What you are asked to do – Quote the data exactly, first line to the line containing "Elegant Teal Monochromatic", with no pictures.

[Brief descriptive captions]
== Segment start ==

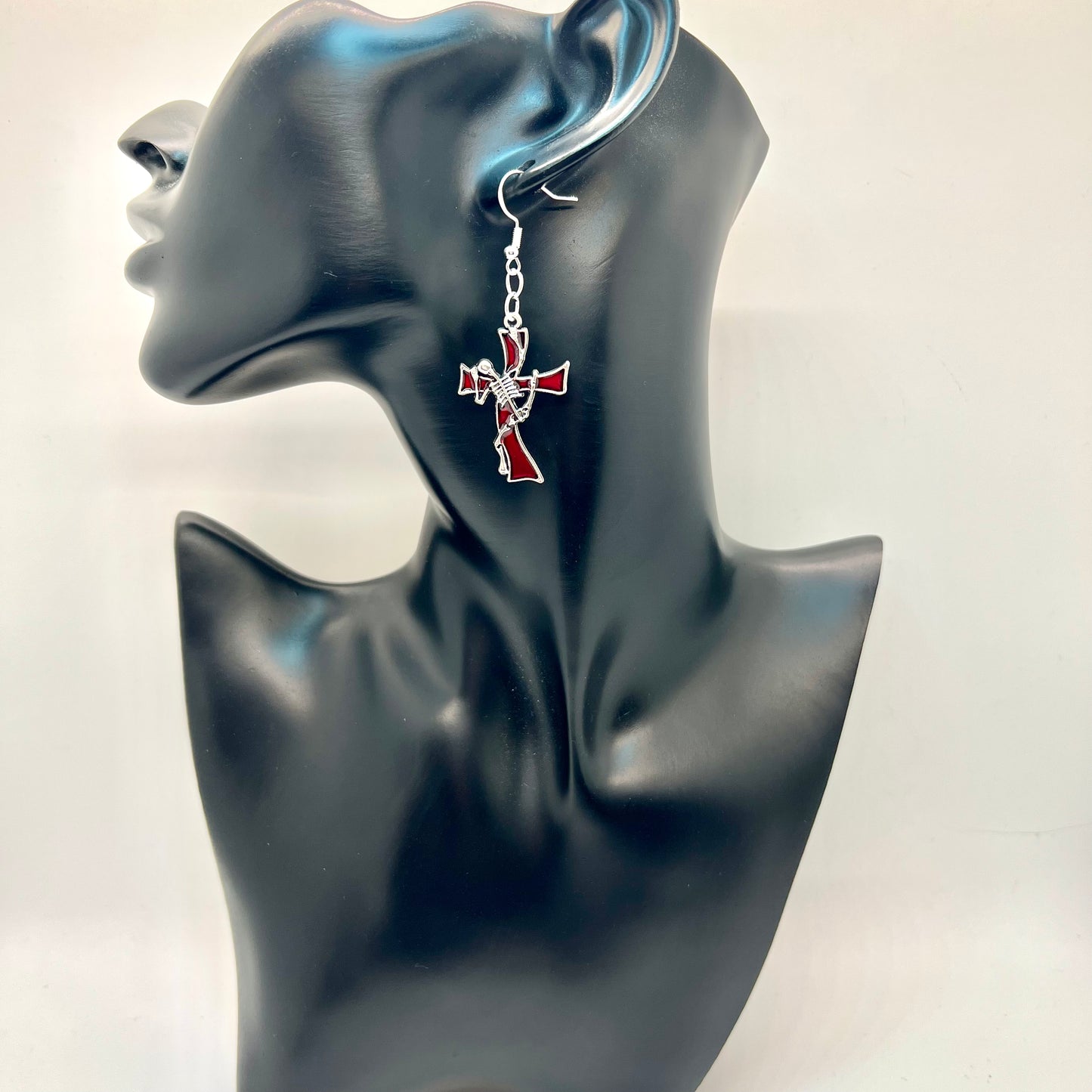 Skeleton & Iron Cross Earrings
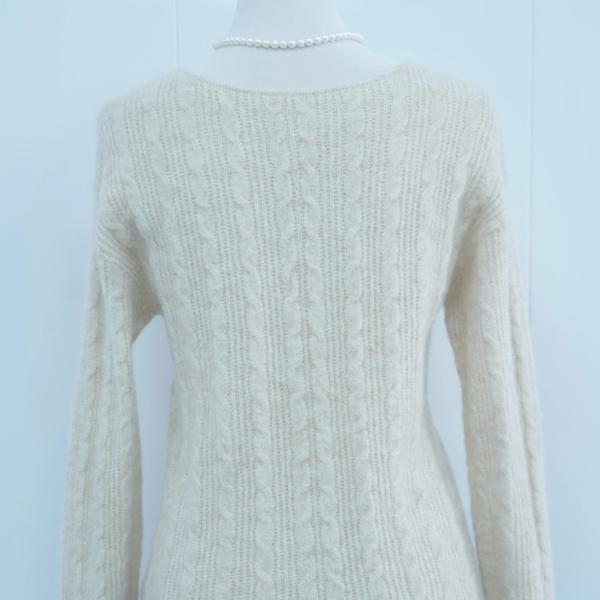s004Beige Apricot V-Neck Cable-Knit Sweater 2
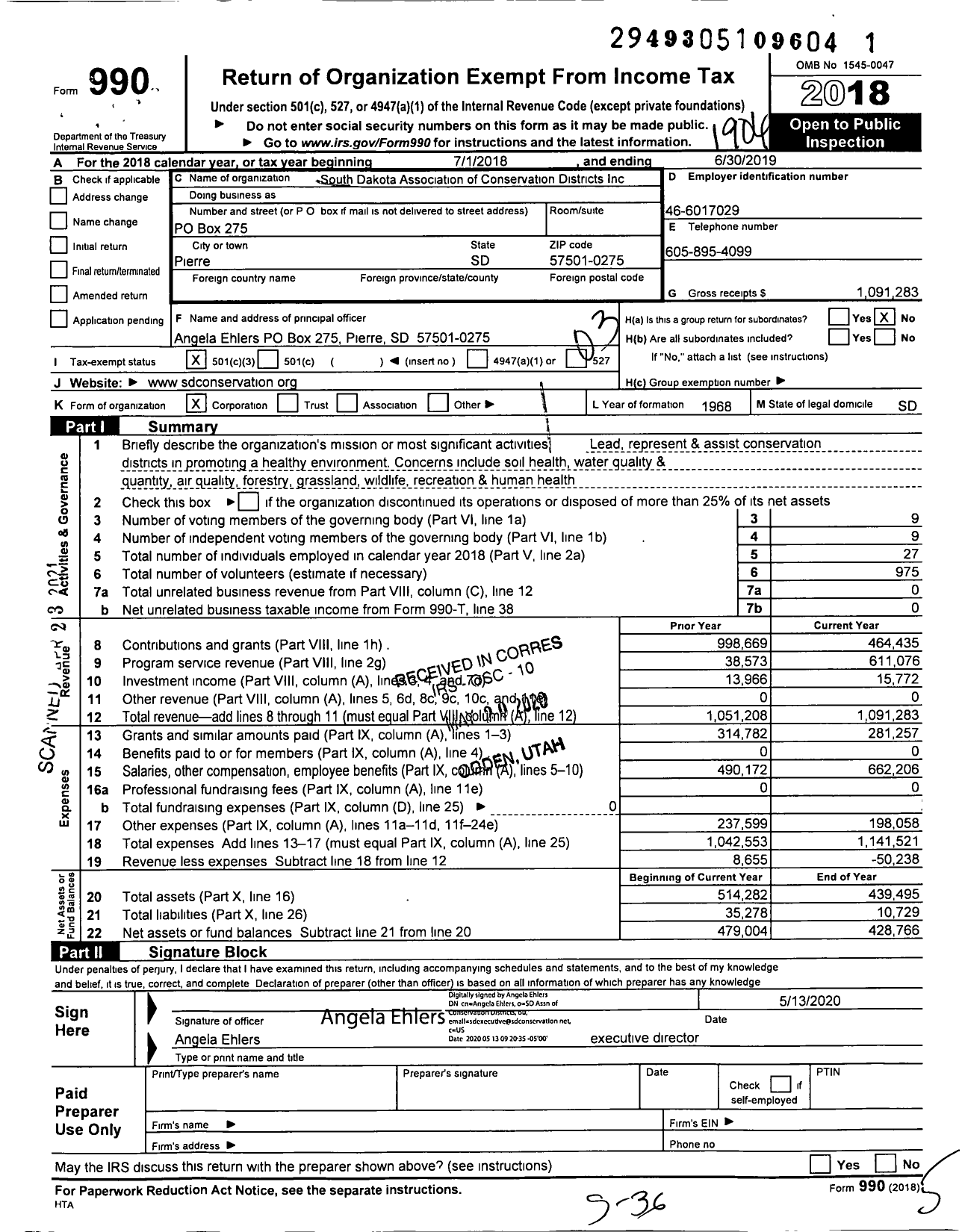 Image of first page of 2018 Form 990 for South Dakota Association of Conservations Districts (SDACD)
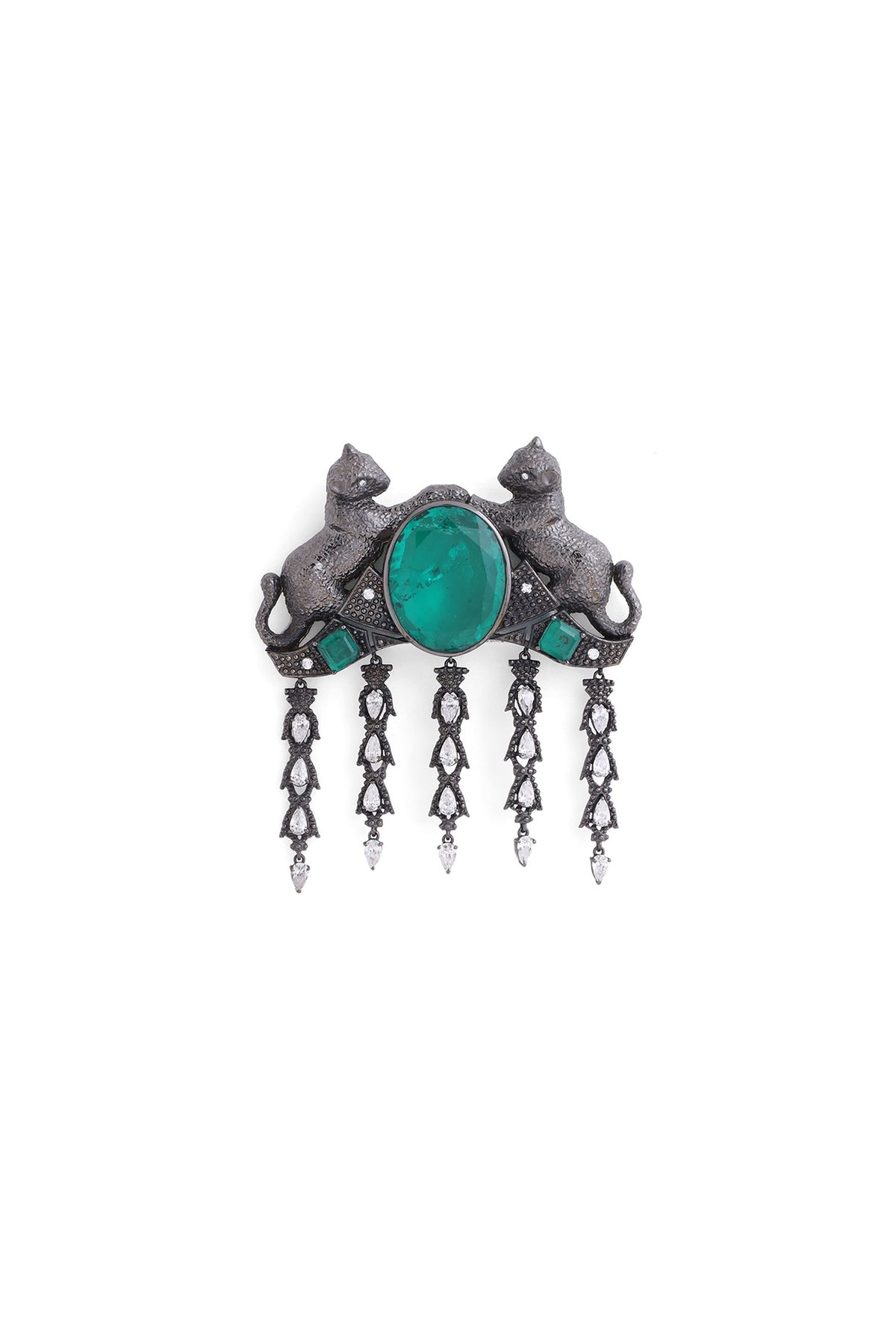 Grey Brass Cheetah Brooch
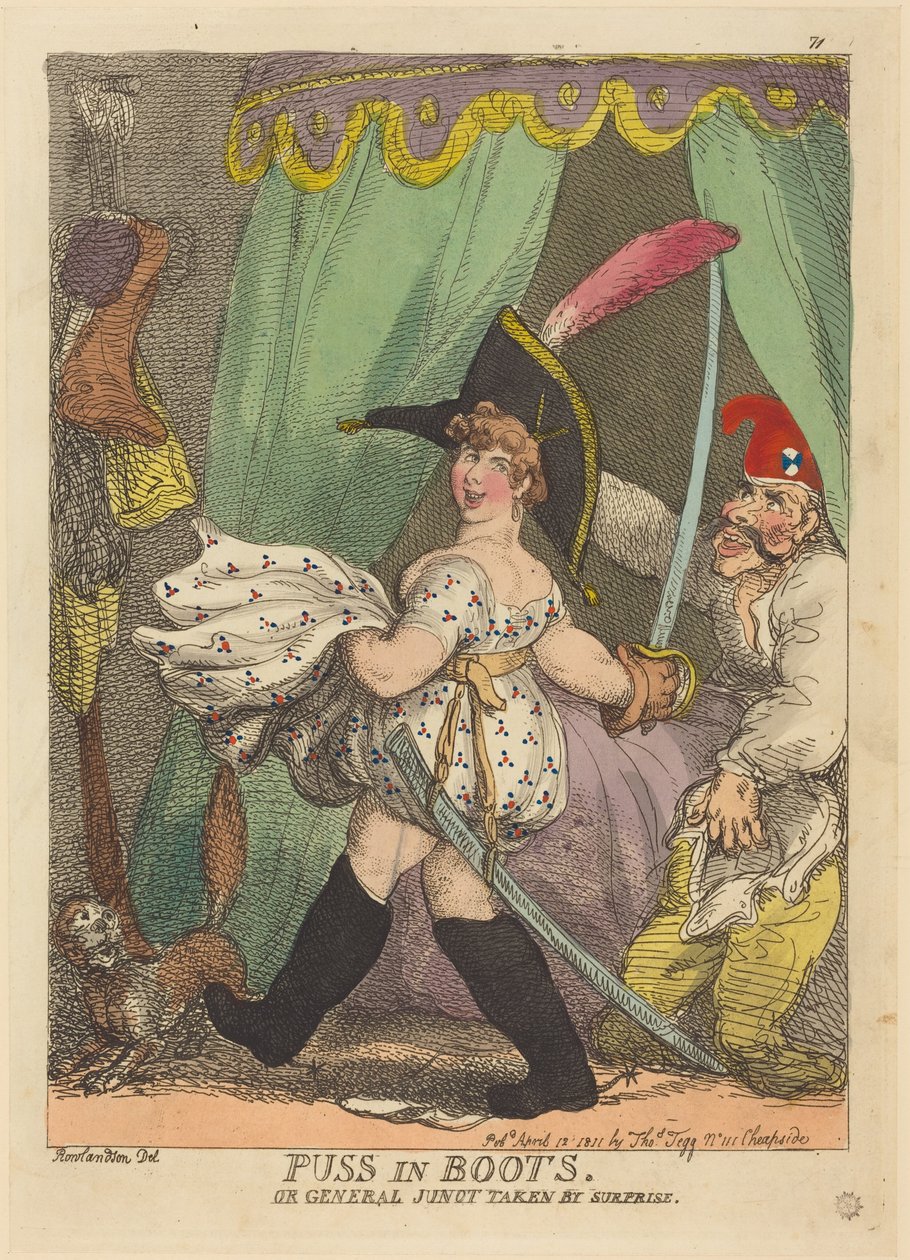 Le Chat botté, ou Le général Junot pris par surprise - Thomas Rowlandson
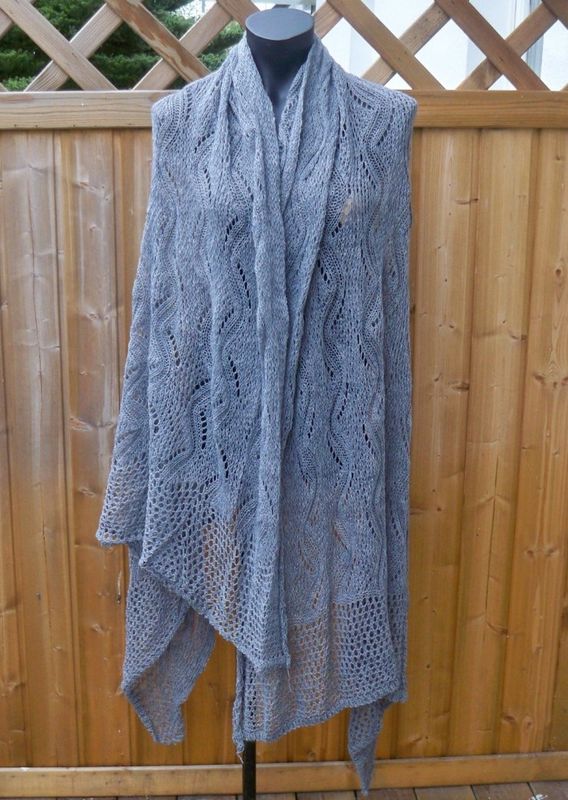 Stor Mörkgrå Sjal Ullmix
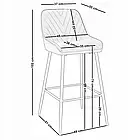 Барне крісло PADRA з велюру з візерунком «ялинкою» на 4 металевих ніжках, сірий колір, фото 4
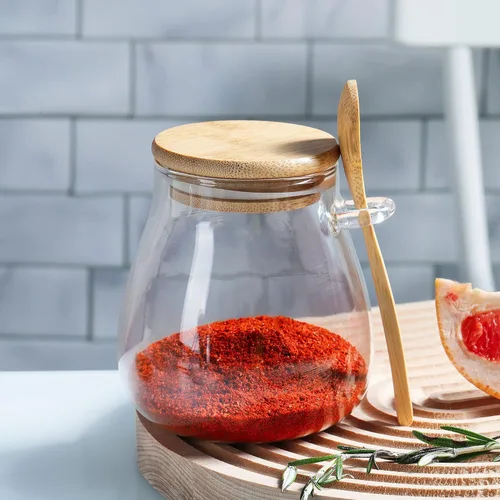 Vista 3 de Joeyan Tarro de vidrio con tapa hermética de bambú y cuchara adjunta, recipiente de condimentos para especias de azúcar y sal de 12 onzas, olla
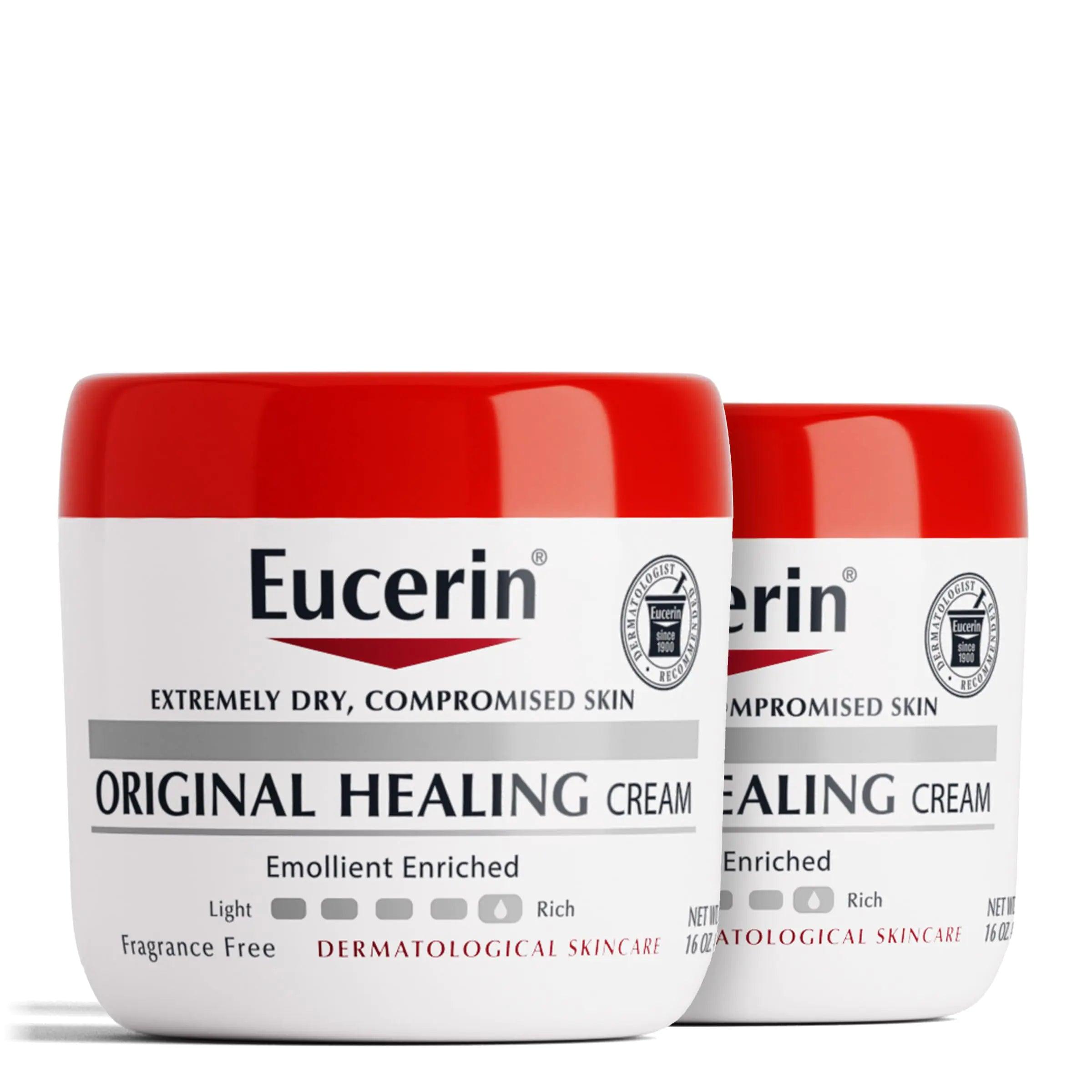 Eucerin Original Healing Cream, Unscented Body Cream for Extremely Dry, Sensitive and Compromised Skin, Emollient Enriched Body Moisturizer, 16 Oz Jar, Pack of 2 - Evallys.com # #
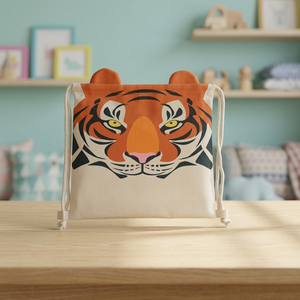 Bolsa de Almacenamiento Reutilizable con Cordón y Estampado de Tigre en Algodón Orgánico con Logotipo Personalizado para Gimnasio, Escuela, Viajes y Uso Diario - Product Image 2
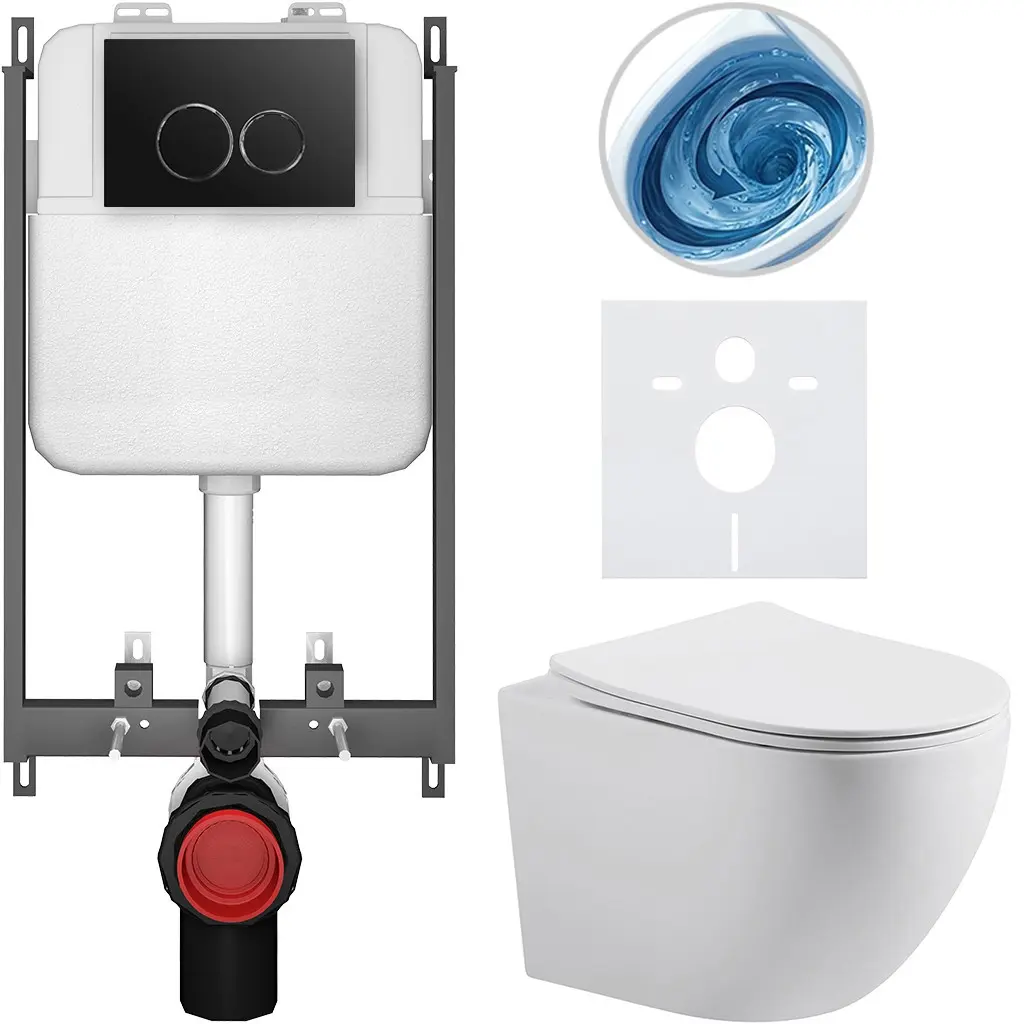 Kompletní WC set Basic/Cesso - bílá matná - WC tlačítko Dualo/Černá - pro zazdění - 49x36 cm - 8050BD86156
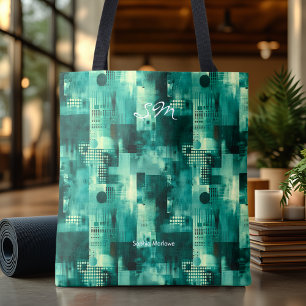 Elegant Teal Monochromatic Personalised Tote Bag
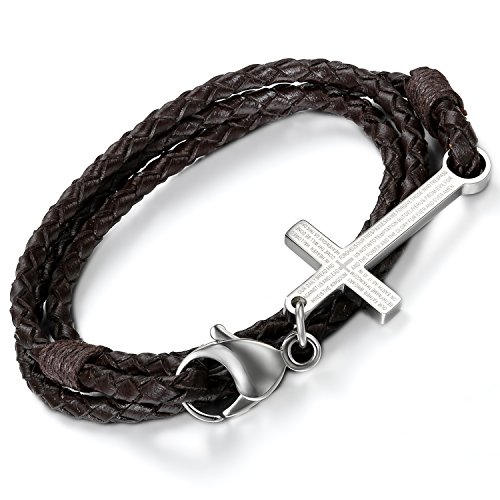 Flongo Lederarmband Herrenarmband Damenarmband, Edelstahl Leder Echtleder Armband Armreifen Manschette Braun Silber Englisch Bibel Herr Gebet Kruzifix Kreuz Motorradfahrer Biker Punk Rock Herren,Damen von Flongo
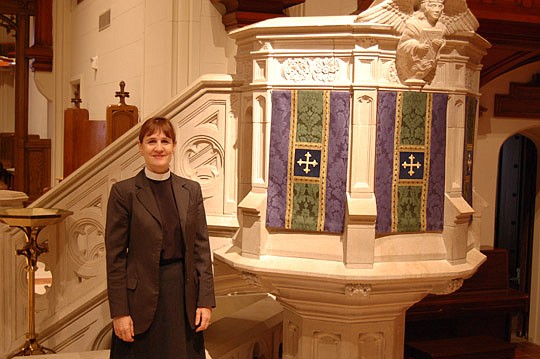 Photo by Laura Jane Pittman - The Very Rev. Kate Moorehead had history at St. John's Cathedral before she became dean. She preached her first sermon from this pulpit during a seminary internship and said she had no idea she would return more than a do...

== Segment end ==

Task response –
 Skeleton & Iron Cross Earrings
s004Beige Apricot V-Neck Cable-Knit Sweater 2
 Image of first page of 2018 Form 990 for South Dakota Association of Conservations Districts (SDACD)
 Grey Brass Cheetah Brooch
 Le Chat botté, ou Le général Junot pris par surprise - Thomas Rowlandson
 Stor Mörkgrå Sjal Ullmix
 Барне крісло PADRA з велюру з візерунком «ялинкою» на 4 металевих ніжках, сірий колір, фото 4
 Vista 3 de Joeyan Tarro de vidrio con tapa hermética de bambú y cuchara adjunta, recipiente de condimentos para especias de azúcar y sal de 12 onzas, olla
 Eucerin Original Healing Cream, Unscented Body Cream for Extremely Dry, Sensitive and Compromised Skin, Emollient Enriched Body Moisturizer, 16 Oz Jar, Pack of 2 - Evallys.com # #
 Bolsa de Almacenamiento Reutilizable con Cordón y Estampado de Tigre en Algodón Orgánico con Logotipo Personalizado para Gimnasio, Escuela, Viajes y Uso Diario - Product Image 2
 Kompletní WC set Basic/Cesso - bílá matná - WC tlačítko Dualo/Černá - pro zazdění - 49x36 cm - 8050BD86156
 Elegant Teal Monochromatic Personalised Tote Bag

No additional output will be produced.